El gran desafío de las escuchas en la prensa
Un presidente norteamericano cayó por culpa de escuchas (Richard Nixon, el único en la historia de ese país que renunció en 1974, por el escándalo de Watergate). El secuestro, en 1991, de Mauricio Macri , que iba a ser elegido primer mandatario de la Argentina 24 años más tarde, trascendió fortuitamente porque un competidor de su padre le había pinchado el teléfono para pescar información que le permitiera primerearle un negocio en puerta.
Macri asumió la presidencia el 10 de diciembre de 2015 procesado por haber supuestamente dispuesto escuchas, entre otros, a un cuñado, algo de lo que se hizo cargo Franco Macri , el padre del Presidente, fallecido recientemente.

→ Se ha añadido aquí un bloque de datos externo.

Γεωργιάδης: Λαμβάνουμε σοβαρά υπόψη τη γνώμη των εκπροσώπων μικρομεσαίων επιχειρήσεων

La causa fue declarada nula en octubre pasado, pero hasta entonces, y hasta ahora mismo, sirve para que el kirchnerismo le siga haciendo bullying sobre el tema. Las escuchas pueden ser armas peligrosas cuando se infiltran en la política y son manejadas aviesamente.

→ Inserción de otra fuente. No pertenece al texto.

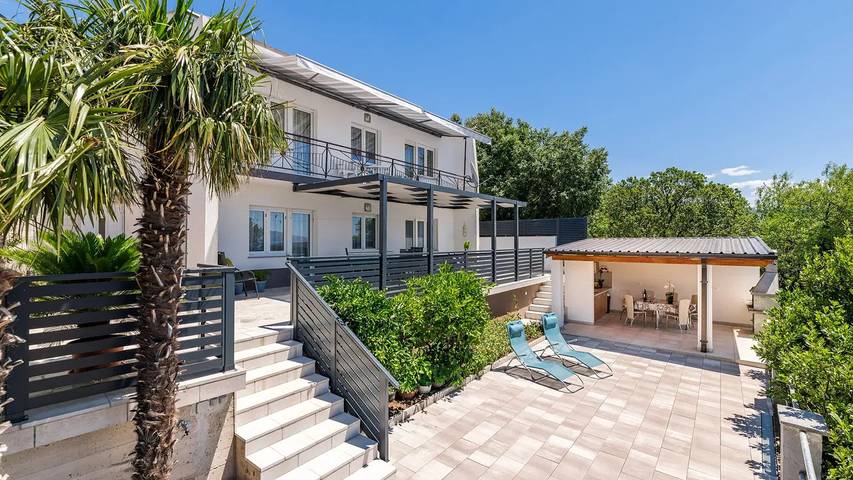 Ferienwohnung für 8 Personen, mit Balkon und Garten - 1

El uso desaprensivo de escuchas por fuera de los estrictos monitoreos judiciales en el marco de causas concretas por delitos graves tiene una recurrencia inquietante en nuestro país, y en los últimos tiempos ha adquirido una aceleración insólita, con un plus que suma un nuevo elemento distorsivo, que busca impactar sobre la opinión pública y en los propios tribunales con su manipulación masiva.

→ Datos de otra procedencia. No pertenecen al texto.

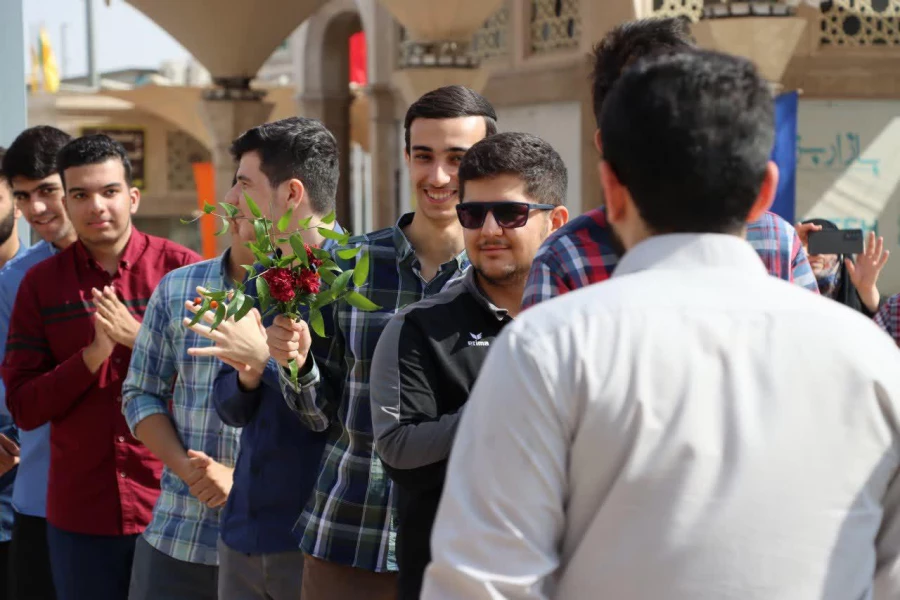 حضوردانشجومعلمان مرکز آموزش شهید مدنی در حرم مطهر حضرت فاطمه معصومه(سلام الله علیه) 8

La guerra de las escuchas no tiene una ideología determinada: se cruzan para hacer daño y ruido a uno y otro lado de la grieta, mientras "entretienen" a la audiencia.
Sobran los ejemplos: las escuchas en capítulos de Cristina Kirchner con Oscar Parrilli ; los interminables intercambios de audios que Marcelo D'Alessio supo establecer, entre otros, con Carlos Stornelli y el periodista Daniel Santoro; las ansiedades telefónicas de Roberto Baratta desde la cárcel para acelerar la ofensiva contra el fiscal de la causa de los cuadernos, y la filtración de la conversación entre Guillermo Moreno y la esposa de Julio De Vido, Alessandra Minnicelli. Y hay muchas más.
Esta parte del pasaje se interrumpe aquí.